[Activity]:
What is needed is a copy of each line in the listing below that contains "Apartment".

┌─ Dataset

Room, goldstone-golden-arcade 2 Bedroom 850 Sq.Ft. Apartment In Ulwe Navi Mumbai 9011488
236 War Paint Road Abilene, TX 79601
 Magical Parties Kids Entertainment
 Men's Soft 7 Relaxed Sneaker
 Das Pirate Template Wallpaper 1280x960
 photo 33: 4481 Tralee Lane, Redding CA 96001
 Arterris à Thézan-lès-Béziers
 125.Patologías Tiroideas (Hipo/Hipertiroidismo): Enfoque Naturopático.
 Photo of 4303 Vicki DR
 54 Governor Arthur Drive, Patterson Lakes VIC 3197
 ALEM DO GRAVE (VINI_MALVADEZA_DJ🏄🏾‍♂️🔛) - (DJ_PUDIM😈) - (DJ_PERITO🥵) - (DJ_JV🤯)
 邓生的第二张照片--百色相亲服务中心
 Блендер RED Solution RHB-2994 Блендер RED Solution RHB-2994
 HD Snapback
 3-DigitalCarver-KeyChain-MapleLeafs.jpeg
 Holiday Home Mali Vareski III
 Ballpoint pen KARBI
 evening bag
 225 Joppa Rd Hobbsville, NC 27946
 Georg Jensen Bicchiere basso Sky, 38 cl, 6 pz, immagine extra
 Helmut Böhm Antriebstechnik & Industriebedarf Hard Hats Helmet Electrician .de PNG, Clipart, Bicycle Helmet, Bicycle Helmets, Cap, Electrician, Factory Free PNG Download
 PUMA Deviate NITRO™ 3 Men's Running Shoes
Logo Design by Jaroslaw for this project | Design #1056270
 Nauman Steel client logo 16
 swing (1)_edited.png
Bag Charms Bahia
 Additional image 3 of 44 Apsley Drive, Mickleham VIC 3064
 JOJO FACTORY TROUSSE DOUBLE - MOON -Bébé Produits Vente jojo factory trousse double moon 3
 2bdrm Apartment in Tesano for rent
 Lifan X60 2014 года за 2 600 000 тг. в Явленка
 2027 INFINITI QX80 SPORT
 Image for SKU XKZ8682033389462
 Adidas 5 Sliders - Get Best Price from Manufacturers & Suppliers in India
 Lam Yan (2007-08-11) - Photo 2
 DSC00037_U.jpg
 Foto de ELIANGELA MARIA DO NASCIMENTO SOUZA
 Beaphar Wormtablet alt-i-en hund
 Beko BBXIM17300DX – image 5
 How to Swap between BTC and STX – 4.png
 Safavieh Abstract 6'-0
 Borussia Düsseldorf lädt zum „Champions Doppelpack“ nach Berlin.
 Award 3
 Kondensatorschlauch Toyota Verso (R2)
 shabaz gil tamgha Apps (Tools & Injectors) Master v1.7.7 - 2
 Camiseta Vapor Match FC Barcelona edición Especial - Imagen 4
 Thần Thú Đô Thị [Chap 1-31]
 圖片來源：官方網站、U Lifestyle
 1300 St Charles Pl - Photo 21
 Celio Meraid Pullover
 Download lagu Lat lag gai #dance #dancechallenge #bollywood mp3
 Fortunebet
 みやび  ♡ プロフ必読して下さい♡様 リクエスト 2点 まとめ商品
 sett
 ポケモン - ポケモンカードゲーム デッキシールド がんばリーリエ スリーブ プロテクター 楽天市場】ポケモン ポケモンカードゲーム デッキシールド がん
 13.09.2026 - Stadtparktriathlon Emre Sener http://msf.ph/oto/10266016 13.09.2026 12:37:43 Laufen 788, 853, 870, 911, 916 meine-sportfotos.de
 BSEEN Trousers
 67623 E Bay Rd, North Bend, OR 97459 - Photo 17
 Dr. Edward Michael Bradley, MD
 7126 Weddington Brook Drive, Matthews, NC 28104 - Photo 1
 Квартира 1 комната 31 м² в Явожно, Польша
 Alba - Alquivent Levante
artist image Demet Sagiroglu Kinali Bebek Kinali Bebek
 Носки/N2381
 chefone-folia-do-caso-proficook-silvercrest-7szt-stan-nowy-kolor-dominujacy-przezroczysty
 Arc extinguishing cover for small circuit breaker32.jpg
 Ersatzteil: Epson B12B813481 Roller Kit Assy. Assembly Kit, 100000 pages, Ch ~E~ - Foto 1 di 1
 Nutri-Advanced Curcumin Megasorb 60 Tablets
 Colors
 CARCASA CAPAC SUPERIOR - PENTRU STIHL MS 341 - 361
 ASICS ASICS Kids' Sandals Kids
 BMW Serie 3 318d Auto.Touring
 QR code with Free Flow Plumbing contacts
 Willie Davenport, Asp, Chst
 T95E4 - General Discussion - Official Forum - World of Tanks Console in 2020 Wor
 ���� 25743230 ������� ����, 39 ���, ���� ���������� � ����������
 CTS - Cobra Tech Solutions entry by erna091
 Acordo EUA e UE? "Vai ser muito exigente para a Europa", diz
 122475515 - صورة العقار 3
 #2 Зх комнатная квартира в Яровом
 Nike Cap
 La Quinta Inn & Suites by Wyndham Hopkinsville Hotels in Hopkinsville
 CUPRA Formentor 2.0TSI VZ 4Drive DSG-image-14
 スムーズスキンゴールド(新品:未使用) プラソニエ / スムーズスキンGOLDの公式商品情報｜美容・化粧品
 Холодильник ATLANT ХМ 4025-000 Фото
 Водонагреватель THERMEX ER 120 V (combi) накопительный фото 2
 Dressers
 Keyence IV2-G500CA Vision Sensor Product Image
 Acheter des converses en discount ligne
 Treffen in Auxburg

└─

[Solved problem]:
Room, goldstone-golden-arcade 2 Bedroom 850 Sq.Ft. Apartment In Ulwe Navi Mumbai 9011488
 2bdrm Apartment in Tesano for rent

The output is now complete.